Powell, WY – Wyoming will be entering its second season in which the state is issuing licenses to hemp producers and processors.
The crop is still highly regulated and remains in a niche market. That means there aren’t a lot of farmers trying it, and those that are endure a lot of trial and error.
Mother’s Hemp Farms owner Dave Tenhulzen said he planted 144 acres of hemp at two sites last year: one near Deaver and another just outside of Powell. The approximately 30 acres that were harvested near Powell produced about 90 tons of raw hemp.
However, the larger field near Deaver was a total loss as it tested “hot,” as they say in hemp lingo — meaning it came in over the maximum 0.3% THC limit. THC is the primary psychoactive ingredient in the cannabis plant and when the compound is present in hemp in higher quantities, the crop is treated as if it is marijuana and must be destroyed.

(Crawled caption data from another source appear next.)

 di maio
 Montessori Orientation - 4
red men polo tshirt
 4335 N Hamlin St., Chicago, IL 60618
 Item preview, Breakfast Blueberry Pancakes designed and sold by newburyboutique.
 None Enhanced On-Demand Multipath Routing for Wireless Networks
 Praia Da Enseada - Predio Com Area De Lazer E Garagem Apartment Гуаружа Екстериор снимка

Last year, 28% of the hemp samples that were collected from across the state and tested by the Wyoming Department of Agriculture came in too hot. Derek Grant, spokesman for the ag department, said that figure is just an estimate, as some indoor growers are still submitting their samples for testing.
Wes Brown, ag program coordinator with the department, said the estimated number wasn’t too bad, all things considered.

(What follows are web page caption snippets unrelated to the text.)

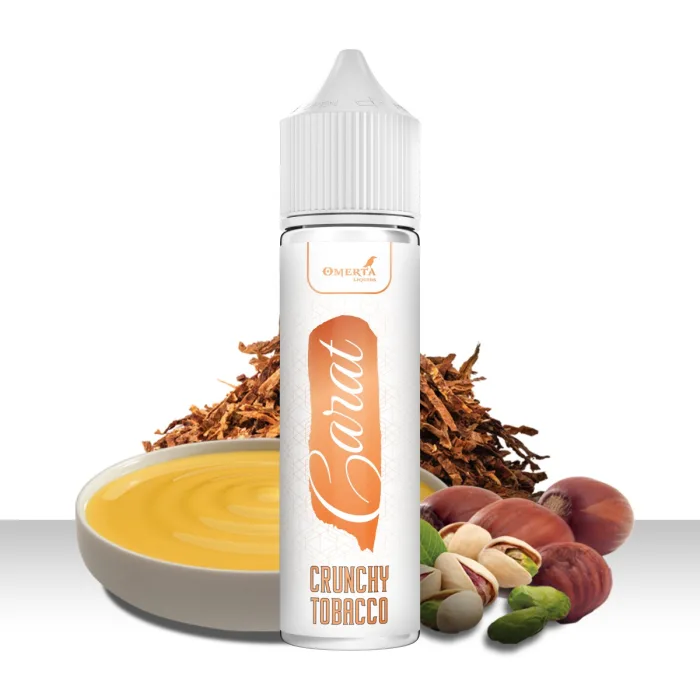 Carat Crunchy Tobacco by Omerta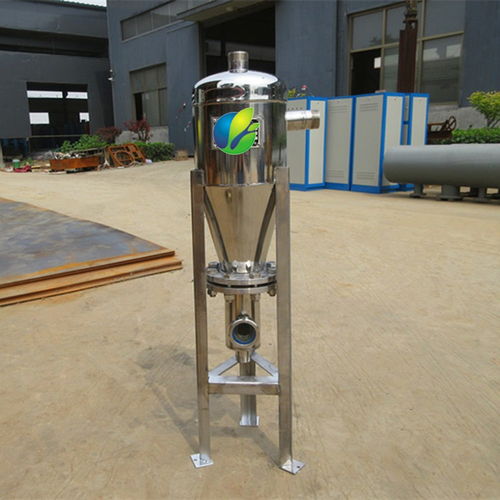 巴馬錐形旋流除污器廠家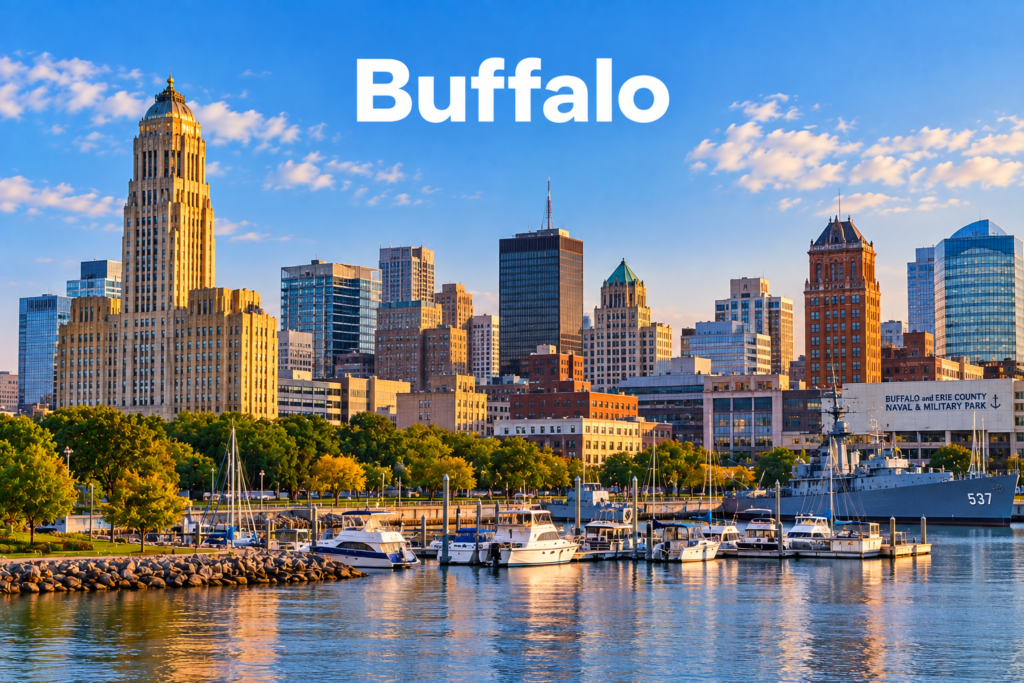 Best Accounting Services in Buffalo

“For the first year, I thought it was pretty good,” Brown said during an online hemp workshop in January.
In 2020, the state issued 28 licenses to grow hemp, which encompassed 1,058 acres of field production and 18,150 square feet of greenhouse production.
From the field production, 873 acres were planted and 788 acres harvested.

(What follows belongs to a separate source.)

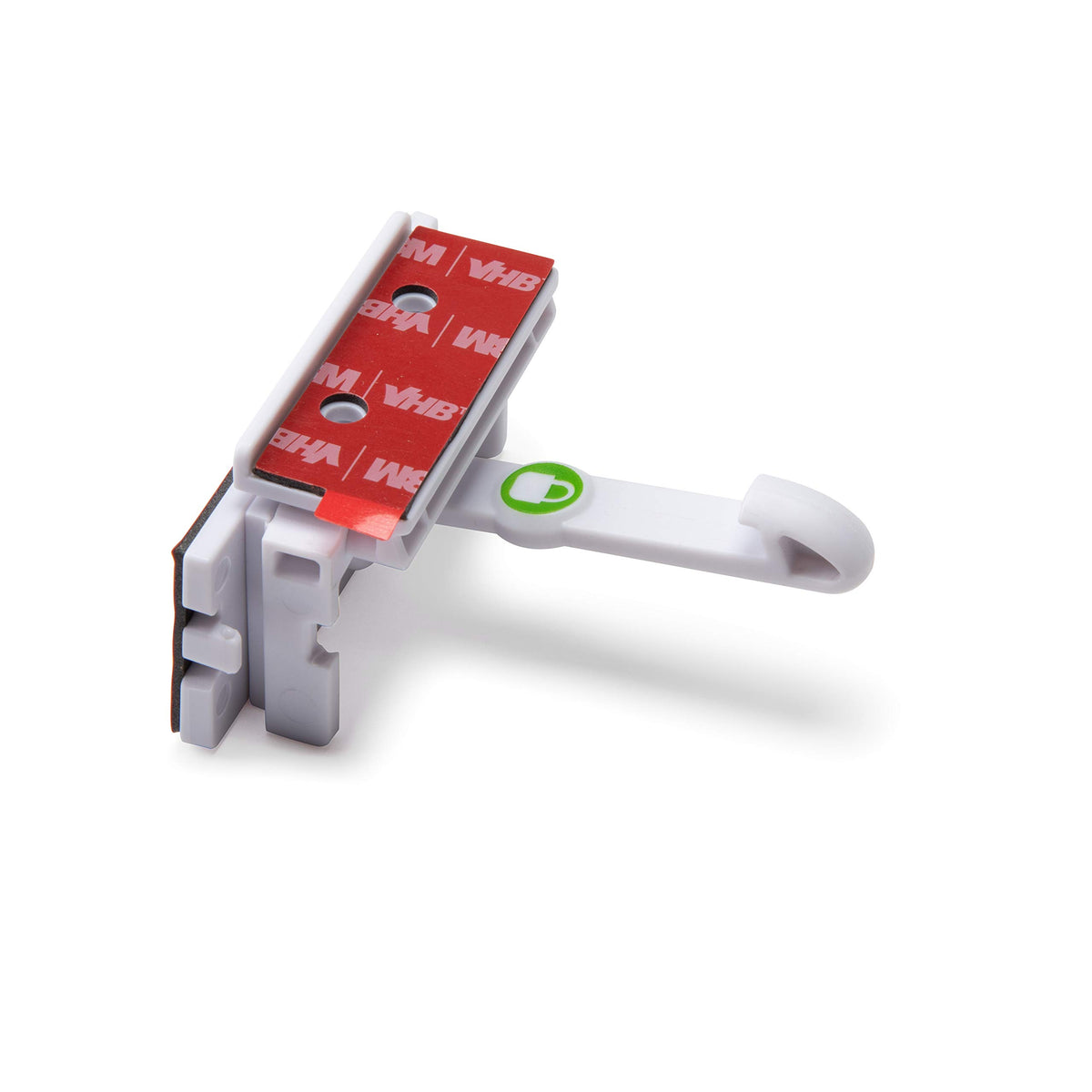 Safety 1st latch installation template enables precise alignment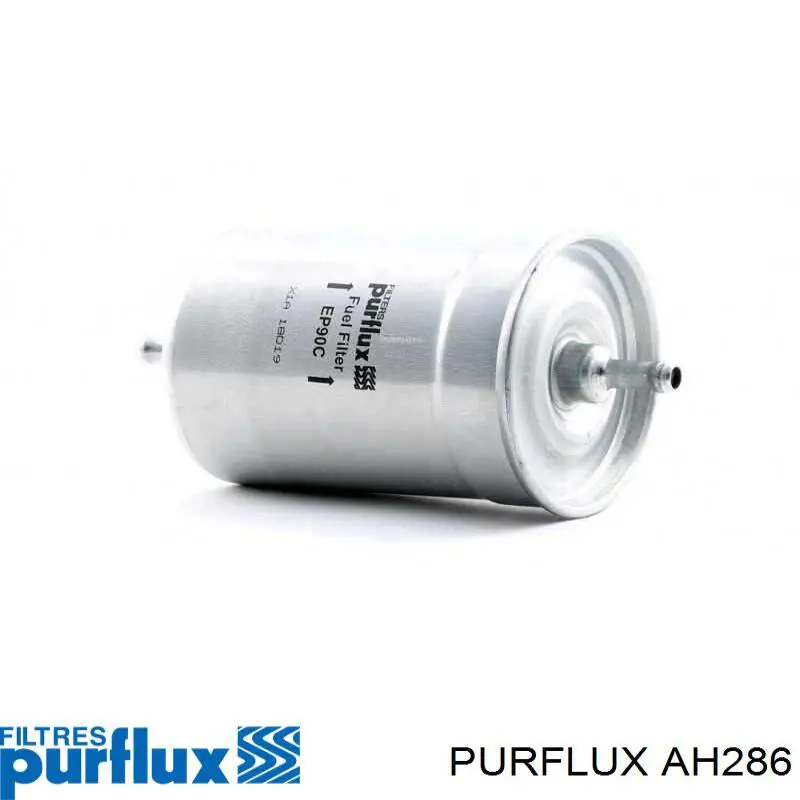 Фильтр воздушный отопителя Purflux AH286 цена, от 7.55 USD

Jeremiah Vardiman, agriculture and horticulture extension educator for the University of Wyoming Extension, called last year’s outcomes a mixed bag.
“It sounded for the most part that [the season] was fairly successful, across the state,” Vardiman said, “but it’s still pretty small scale.”
Vardiman agrees with Brown that the 28% fail rate on the state’s sample tests wasn’t too bad and demonstrates some potential to produce the crop within the limits the state requires, which follow those of the USDA.
“There is some hope out there,” the educator said.
Vardiman said the real driver of the hemp industry is going to be the markets, which are still trying to get a foothold. If the processor has a buyer for the product, then the producer will have a buyer for the produce. At that point, Vardiman said interest will grow.
“It’s going to take a while to develop and become solid,” he said.
Vardiman added that the fiber processing, which would go into a variety of construction and textiles really has no market at this time, but food and CBD do have improving processing capacity.
“We’ve made a step in that direction,” Vardiman said.
He said producers who risked the uncharted hemp waters last season were testing varieties, which is important. Identifying the varieties that stay below the 0.3% THC threshold will make the farmers’ crops more successful.
One question that remains is how much the market can bear and whether Wyoming can compete in that market.
“That’s the driver for all crops. The reality of it, here in Wyoming, we’re at that mercy. And so if we can have a market to sell into, we have a successful crop venture,” Vardiman said.
Grant said it’s too early to tell if the state will see a growth in applicants. Renewals are typically submitted in December — though they can come in at any time — but new applicants usually start submitting theirs in spring.
It takes about a week or two for the paperwork to be processed, depending on the amount of documentation involved. The application process, Grant said, is the same this year as last. However, he said there could be changes at the USDA level, which would result in changes to Wyoming’s process.